* TASK DETAILS *
What lines in the data below mention the string "large"? Copy them out.

(Stored data)

+ + + +

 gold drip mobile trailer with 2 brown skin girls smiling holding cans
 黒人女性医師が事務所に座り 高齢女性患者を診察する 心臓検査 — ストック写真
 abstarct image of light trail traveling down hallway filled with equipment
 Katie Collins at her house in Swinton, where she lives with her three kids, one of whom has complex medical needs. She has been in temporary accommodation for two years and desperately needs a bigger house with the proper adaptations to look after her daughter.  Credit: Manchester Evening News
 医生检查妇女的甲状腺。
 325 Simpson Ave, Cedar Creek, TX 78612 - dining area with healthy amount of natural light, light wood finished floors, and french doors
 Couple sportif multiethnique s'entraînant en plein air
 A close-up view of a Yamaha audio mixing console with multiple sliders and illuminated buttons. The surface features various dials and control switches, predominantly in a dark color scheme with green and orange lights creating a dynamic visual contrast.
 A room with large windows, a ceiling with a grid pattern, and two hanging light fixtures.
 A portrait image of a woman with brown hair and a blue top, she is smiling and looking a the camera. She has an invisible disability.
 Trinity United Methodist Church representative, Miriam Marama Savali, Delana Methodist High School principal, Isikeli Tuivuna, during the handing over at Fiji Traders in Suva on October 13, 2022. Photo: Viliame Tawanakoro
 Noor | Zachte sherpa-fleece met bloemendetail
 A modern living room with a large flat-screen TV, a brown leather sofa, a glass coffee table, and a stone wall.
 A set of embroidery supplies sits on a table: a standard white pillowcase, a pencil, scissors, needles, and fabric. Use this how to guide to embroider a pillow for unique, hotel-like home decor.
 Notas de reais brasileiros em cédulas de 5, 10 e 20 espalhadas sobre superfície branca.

+ + + +

* RESPONSE TO THE EXERCISE *
 A room with large windows, a ceiling with a grid pattern, and two hanging light fixtures.
 A modern living room with a large flat-screen TV, a brown leather sofa, a glass coffee table, and a stone wall.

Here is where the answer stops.